How to run Apache Spark Streaming against Apache Kafka¶

The following guide is to set up Apache Spark for structured streaming with Apache Kafka.

As a pre-requisite, Juju has to be installed together with a kubernetes-based juju controller.

Setup¶

First, create a fresh Juju model to be used as a workspace for spark-streaming experiments:

juju add-model spark-streaming

Deploy the Apache ZooKeeper and the Apache Kafka k8s-charms. Single units should be enough.

juju deploy zookeeper-k8s --series=jammy --channel=edge

juju deploy kafka-k8s --series=jammy --channel=edge

juju integrate  kafka-k8s  zookeeper-k8s

Deploy a test producer application, to write messages to Charmed Apache Kafka:

juju deploy kafka-test-app --series=jammy --channel=edge --config role=producer --config topic_name=spark-streaming-store --config num_messages=1000

juju integrate kafka-test-app  kafka-k8s

To consume these messages we need to establish a connection between Apache Spark and Apache Kafka, which requires credentials.

We need to deploy the data-integrator charm, which performs credential retrieval:

juju deploy data-integrator --series=jammy --channel=edge --config extra-user-roles=consumer,admin --config topic-name=spark-streaming-store

juju integrate data-integrator kafka-k8s 

juju run-action data-integrator/0 get-credentials --wait 

Note

We are using the service account set up in the previous examples.

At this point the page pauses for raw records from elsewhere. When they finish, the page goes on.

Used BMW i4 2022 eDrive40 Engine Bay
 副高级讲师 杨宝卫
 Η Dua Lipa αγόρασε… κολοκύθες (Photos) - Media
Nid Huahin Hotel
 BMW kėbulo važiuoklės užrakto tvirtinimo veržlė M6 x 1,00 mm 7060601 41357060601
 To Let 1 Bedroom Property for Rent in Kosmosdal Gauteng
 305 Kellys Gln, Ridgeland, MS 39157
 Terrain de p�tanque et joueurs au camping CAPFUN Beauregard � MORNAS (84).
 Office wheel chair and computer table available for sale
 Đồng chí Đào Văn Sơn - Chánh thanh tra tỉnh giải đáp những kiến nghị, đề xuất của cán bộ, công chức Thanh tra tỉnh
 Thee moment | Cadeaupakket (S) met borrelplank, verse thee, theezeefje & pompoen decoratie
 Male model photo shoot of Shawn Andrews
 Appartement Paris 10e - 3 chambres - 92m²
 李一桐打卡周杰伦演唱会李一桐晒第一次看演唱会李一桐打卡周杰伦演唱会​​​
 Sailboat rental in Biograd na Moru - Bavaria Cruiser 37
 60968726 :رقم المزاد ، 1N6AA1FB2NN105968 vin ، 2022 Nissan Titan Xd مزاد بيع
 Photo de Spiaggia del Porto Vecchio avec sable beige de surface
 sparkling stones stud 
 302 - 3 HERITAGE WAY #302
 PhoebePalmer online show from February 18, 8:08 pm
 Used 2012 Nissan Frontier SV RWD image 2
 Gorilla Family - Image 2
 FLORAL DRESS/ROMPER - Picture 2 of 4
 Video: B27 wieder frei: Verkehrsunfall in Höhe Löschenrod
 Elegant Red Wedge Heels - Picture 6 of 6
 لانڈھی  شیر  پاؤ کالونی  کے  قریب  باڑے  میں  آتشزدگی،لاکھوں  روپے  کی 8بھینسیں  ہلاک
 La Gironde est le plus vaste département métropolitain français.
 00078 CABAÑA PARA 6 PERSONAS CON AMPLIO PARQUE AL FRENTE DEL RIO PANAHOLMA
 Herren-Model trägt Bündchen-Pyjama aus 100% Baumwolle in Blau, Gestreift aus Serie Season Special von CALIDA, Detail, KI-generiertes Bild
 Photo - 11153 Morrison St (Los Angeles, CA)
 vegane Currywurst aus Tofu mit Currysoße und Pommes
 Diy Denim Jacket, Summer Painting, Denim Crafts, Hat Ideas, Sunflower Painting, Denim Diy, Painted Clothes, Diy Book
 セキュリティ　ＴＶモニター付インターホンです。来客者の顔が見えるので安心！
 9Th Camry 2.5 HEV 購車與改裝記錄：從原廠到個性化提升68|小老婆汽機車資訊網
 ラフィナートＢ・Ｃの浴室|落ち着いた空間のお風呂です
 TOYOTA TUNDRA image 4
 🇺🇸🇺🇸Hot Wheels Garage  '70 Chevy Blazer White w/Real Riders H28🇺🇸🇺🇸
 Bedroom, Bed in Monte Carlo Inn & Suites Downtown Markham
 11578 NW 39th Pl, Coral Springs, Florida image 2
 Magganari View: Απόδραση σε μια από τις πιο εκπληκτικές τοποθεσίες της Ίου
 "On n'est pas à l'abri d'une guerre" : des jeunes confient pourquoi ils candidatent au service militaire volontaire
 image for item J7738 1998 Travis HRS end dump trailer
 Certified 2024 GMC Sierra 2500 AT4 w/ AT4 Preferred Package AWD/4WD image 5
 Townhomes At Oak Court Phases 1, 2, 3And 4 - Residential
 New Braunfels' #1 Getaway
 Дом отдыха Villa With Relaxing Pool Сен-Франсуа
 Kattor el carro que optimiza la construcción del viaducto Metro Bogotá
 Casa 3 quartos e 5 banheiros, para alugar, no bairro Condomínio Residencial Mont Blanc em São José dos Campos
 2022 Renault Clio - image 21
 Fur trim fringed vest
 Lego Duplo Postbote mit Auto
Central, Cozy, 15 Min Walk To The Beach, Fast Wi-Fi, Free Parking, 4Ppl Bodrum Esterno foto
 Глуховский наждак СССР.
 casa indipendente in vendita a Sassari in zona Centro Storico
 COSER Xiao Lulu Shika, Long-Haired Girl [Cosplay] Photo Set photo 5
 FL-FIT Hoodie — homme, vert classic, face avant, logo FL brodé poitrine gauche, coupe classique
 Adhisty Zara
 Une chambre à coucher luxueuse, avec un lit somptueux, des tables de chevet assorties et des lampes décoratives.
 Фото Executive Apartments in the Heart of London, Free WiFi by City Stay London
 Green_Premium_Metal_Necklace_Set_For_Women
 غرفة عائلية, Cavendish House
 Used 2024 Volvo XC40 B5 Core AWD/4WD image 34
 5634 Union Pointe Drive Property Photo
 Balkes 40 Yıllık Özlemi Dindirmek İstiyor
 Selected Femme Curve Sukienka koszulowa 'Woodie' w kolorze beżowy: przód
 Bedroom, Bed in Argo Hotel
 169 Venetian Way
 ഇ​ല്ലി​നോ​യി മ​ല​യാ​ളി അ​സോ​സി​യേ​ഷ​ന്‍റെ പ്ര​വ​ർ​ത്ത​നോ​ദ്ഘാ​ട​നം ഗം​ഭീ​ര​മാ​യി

We need to set up the environment in a Kubernetes pod launched in the same namespace as the Juju model (i.e. spark-streaming in this example).

The pod specification yaml goes as below:

apiVersion: v1
kind: Pod
metadata:
  name: testpod
spec:
  containers:
  - image: ghcr.io/canonical/charmed-spark:3.5-22.04_stable
    name: spark
    ports:
    - containerPort: 18080
    command: ["sleep"]
    args: ["3600"]

Note

Please make sure to use the correct tag for the version of Apache Spark that you’d like to use. For instance, if you want to use Apache Spark 4.0, you should use the image ghcr.io/canonical/charmed-spark:4.0-22.04_stable instead.

Create the pod in the same namespace as the Juju model.

Launch a Bash shell inside the test pod.

kubectl apply -f ./testpod.yaml --namespace=spark-streaming
kubectl exec -it testpod -n spark-streaming -- /bin/bash

Create a Kubernetes cluster configuration within the test pod shell session to be able to work with spark-client.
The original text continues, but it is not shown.